The coupled system LiBH4 + 1/2MgH2 ↔ LiH + 1/2MgB2 + 2H2 demonstrates improved hydrogen cycling thermodynamics compared to either LiBH4 or MgH2 alone; in effect, formation of MgB2 "destabilizes" the decomposition of LiBH4. Here we establish the thermodynamically and kinetically stable region of the H2 pressure−temperature phase diagram for reversible hydrogen storage in TiCl3-catalyzed LiBH4 + 1/2MgH2. Although MgB2 formation was thermodynamically favored at elevated temperature, it was kinetically more favorable for MgH2 and LiBH4 to decompose independently in a two-step dehydrogenation starting with MgH2 ↔ Mg + H2. At high temperature and low H2 pressure, direct LiBH4 decomposition is both thermodynamically allowed and kinetically favored; thus, the second dehydrogenation step from LiBH4 produced LiH and amorphous boron along with the Mg metal from the first step.
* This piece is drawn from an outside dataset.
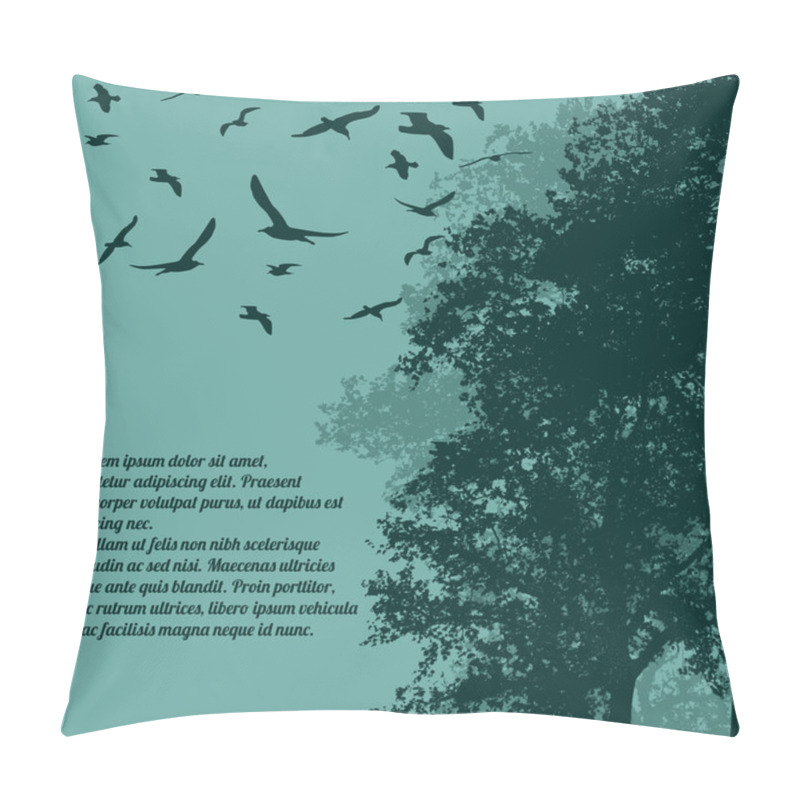 Personality  Beautiful Forest Trees With Flying Birds Pillow Covers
From this state, recombination of LiH with amorphous boron had very poor kinetics and the system did not fully rehydrogenate. Applying an H2 gas overpressure of at least 3 bar during dehydrogenation, however, suppressed direct decomposition of LiBH4 and reaction of Mg with LiBH4 produced LiH and MgB2, which was fully reversible.